Metal-Organic Frameworks (MOFs) are a class of porous crystalline materials made from coordinated units of metal clusters and organic linkers. There is a near limitless number of building blocks that can be used to design MOFs with a wide variety of structures and properties. By logically selecting which of these molecular blocks to use, additional properties, like pore size, can be tuned for individual gases. With an immeasurable number of materials to choose from, there is a near limitless number of MOFs that can be fabricated and it is likely there are high-performing MOFs that have yet to be realized. An additional benefit of MOFs is the reticular nature of these materials allows for crystal structures to be generated and evaluated in silico. Comprehensive molecular simulations have been successfully used to accurately predict gas adsorption in MOFs, but the high computational cost is prohibitive to high throughput screening. In the work, we replace the simulations with random forest (RF) machine learning. Some common properties of MOFs include high porosity and surface area as well as tunable pore size and topology. These properties are desirable for many applications including gas adsorption. While MOFs have shown good promise experimentally in gas storage applications, more research is needed in this area to assess the performance of the numerous undiscovered MOFs that have yet to be realized.
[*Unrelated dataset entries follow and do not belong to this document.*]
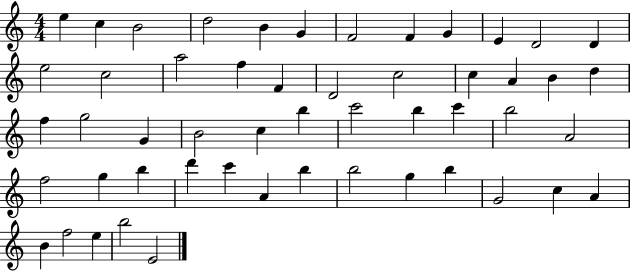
{
  \clef treble
  \numericTimeSignature
  \time 4/4
  \key c \major
  e''4 c''4 b'2 | d''2 b'4 g'4 | f'2 f'4 g'4 | e'4 d'2 d'4 | \break e''2 c''2 | a''2 f''4 f'4 | d'2 c''2 | c''4 a'4 b'4 d''4 | \break f''4 g''2 g'4 | b'2 c''4 b''4 | c'''2 b''4 c'''4 | b''2 a'2 | \break f''2 g''4 b''4 | d'''4 c'''4 a'4 b''4 | b''2 g''4 b''4 | g'2 c''4 a'4 | \break b'4 f''2 e''4 | b''2 e'2 | \bar "|."
} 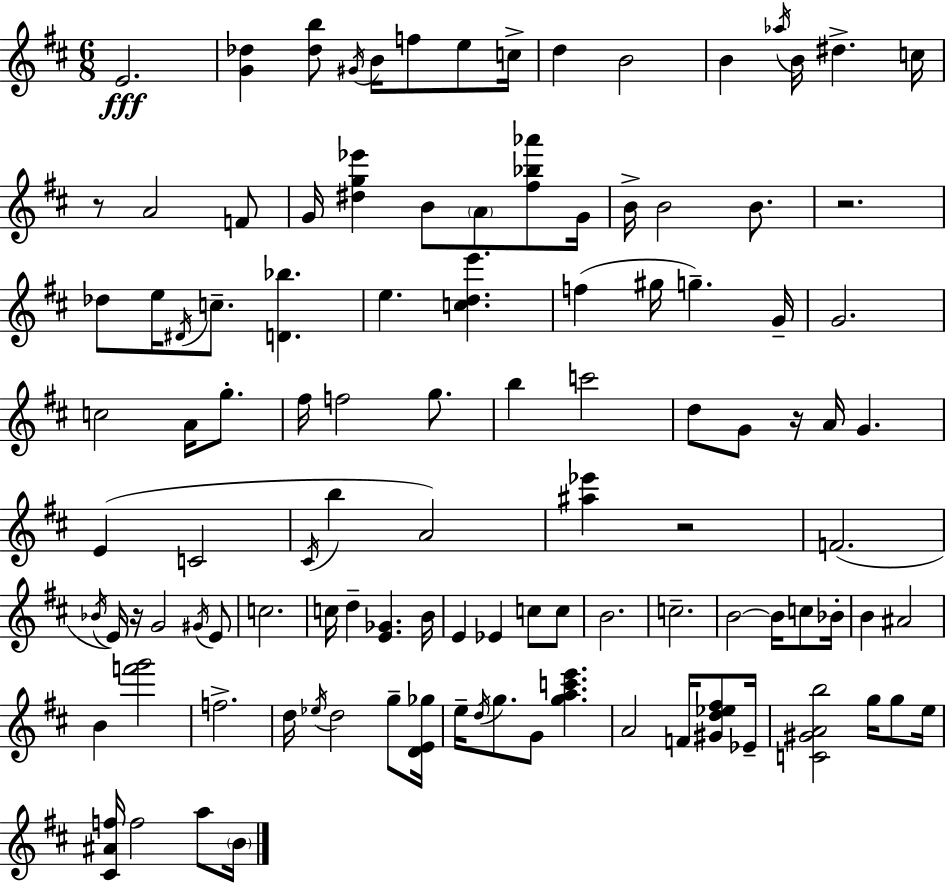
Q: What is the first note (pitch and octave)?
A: E4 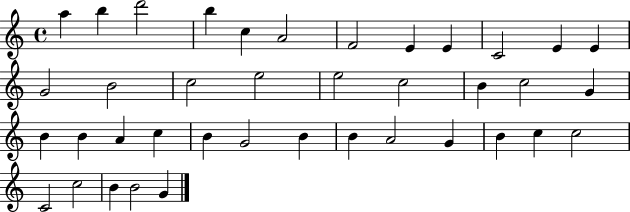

The goal of this work was to develop a combined genetic algorithm and random forest model to discover novel high performing metal-organic frameworks for gas adsorption. Due to the sheer number of MOF building blocks available, there are a near limitless number of unique MOFs that have been yet to be realized. Given the promising performance of known MOFs, it is highly probably that several of these unrealized MOFs are high-performing methane adsorbers. To accomplish this, we have developed the GARF model, which combines a Genetic Algorithm (GA) with Random Forest (RF) machine learning. By strategically selecting the features used to predict methane adsorption, we can develop an evolutionary algorithm to accurately and efficiently discover high-performing MOFs for methane adsorption.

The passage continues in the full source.